Para o relatório, as barragens serão classificadas pelos órgãos fiscalizadores, por categoria de risco, por dano potencial associado e pelo seu volume. Quanto à categoria de risco, as barragens serão classificadas de acordo com aspectos da própria barragem que possam influenciar na possibilidade de ocorrência de acidente, tais como a altura do barramento, o comprimento do coroamento da barragens, estado de conservação, entre outros. Os critérios gerais a serem utilizados para classificação quanto ao dano potencial associado na área afetada incluem a existência de população a jusante com potencial de perda de vidas humanas, existência de equipamentos de serviços públicos essenciais, existência de áreas protegidas definidas em legislação, natureza dos rejeitos ou resíduos armazenados, entre outros.

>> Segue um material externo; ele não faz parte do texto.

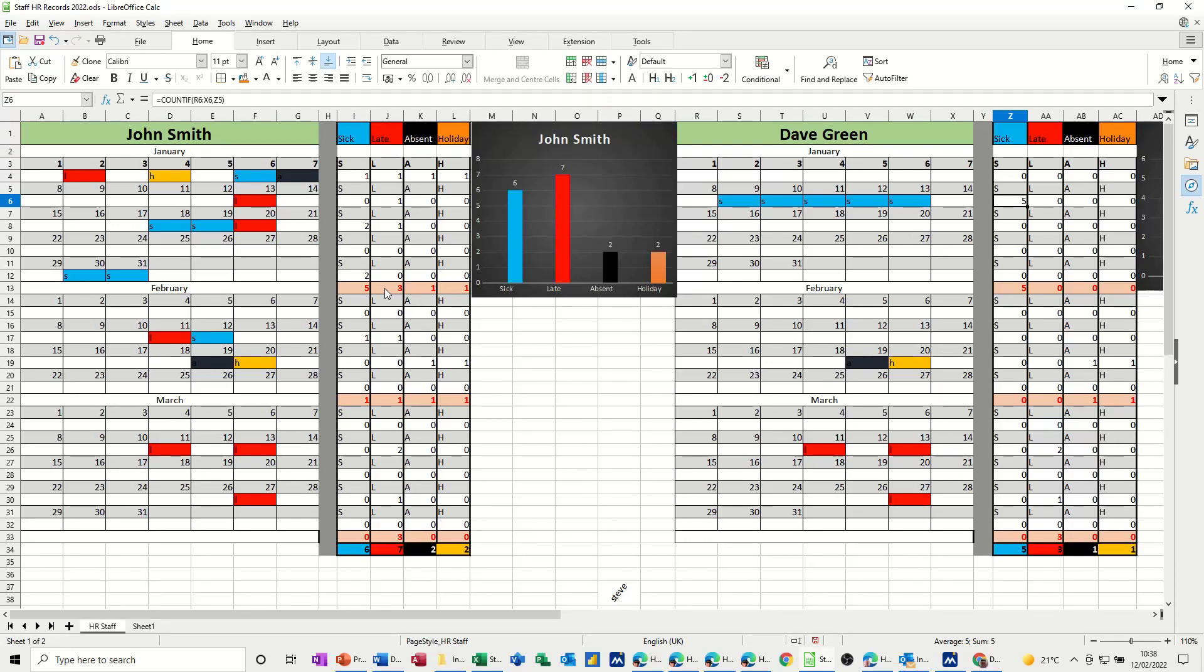Hi guys, welcome to this session on LibreOffice Calc. In this module, I want to show you how you can create a tracker, an HR tracker, using conditional formatting and the COUNTIF function.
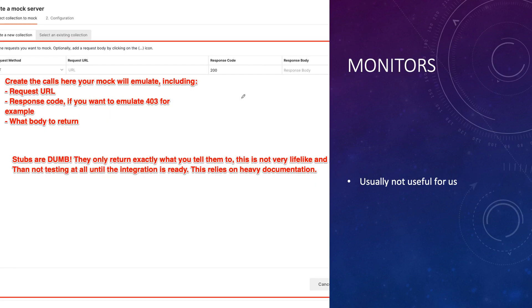You can set up alerts so if something goes wrong you get an email. I use monitors to check a 'what's new' page - a simple script runs every day, and if a new feature is available it alerts me so I can go test it. For mocks and stubs, you can set up your calls here - define the request URL, method, response code, and full response body.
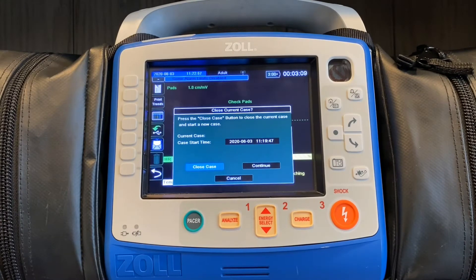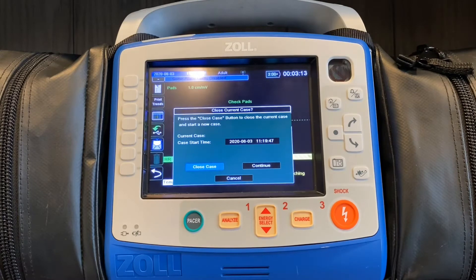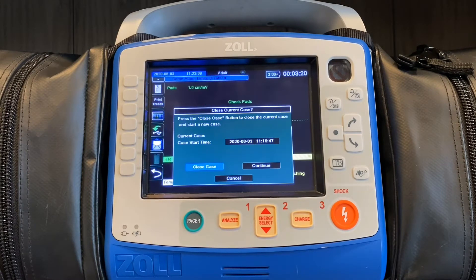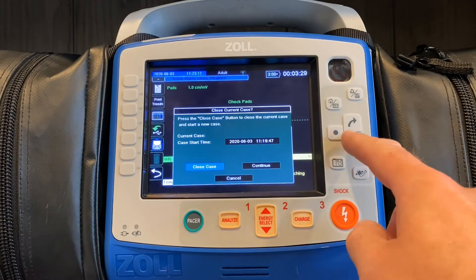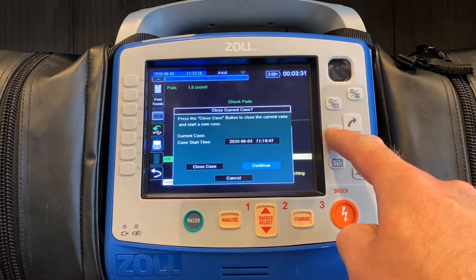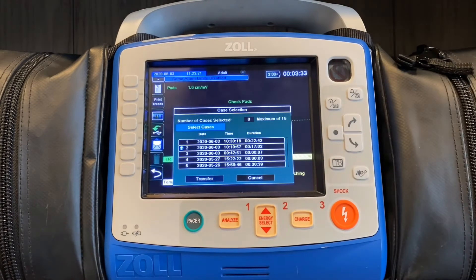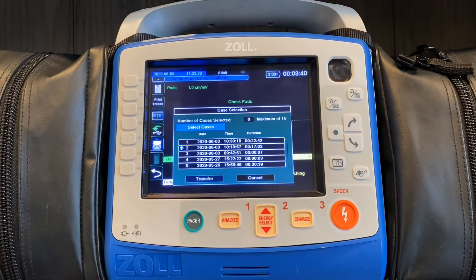The screen will come up and say, do you want to close case or continue? Depending on when you're doing this will dictate your choice. If it's at the end of the case and you're basically done treating the patient, you can go ahead and hit close case. If this is 10 minutes after the call, you can go in to continue, and you'll see a list of the calls that have previously been closed. They're all identified by date, time, and duration, so they're easy to figure out.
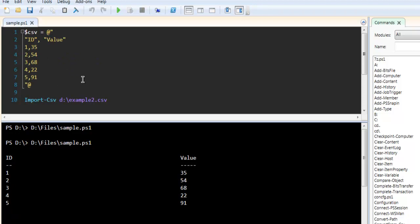So this was a short demo on how you can create a CSV file and display it in PowerShell ISE.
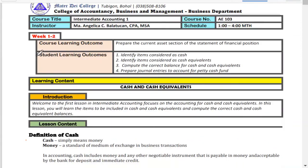Hello, my students and hello everyone. This is Miss Maria Angelica Balatukan and welcome to our intermediate accounting online lesson. Welcome to the first lesson in intermediate accounting.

Para a classificação de barragens para disposição de rejeito mineral e/ou resíduo industrial, quanto ao volume do reservatório, será considerado muito pequeno o reservatório com volume total inferior ou igual a 500 mil m³; pequeno o reservatório com volume total superior a 500 mil m³ e inferior ou igual a 5 milhões de m³; médio o reservatório com volume total superior a 5 milhões de m³ e inferior ou igual a 25 milhões de m³; grande o reservatório com volume total superior a 25 milhões e inferior ou igual a 50 milhões de m³; e muito grande o reservatório com volume total superior a 50 milhões de m³.
A periodicidade de atualização, o conteúdo mínimo e o nível de detalhamento dos Planos de Segurança serão estabelecidos pelo órgão fiscalizador, de acordo com a categoria de risco, o dano potencial associado e o volume do empreendimento. A Agência Nacional de Águas será responsável pela coordenação da elaboração do relatório de segurança de barragens, que deverá compreender o período entre 1º de outubro do ano anterior e 30 de setembro do ano corrente, e os órgãos fiscalizadores serão responsáveis pelas informações a serem enviadas. Após encaminhamento ao CNHR, um Grupo de Trabalho, composto por dois membros de cada segmento representado da Câmara Técnica de Assuntos Legais e Institucionais irão analisar o relatório elaborado pela ANA e propor as recomendações para a melhoria da segurança de barragens.
Cabe ao CNRH, anualmente, apreciar o Relatório de Segurança de Barragens, fazendo, se necessário, recomendações para melhoria da segurança das obras, bem como encaminhá-lo ao Congresso Nacional até 20 de setembro de cada ano. Para ver as resoluções na íntegra, clique aqui. (Canal Energia)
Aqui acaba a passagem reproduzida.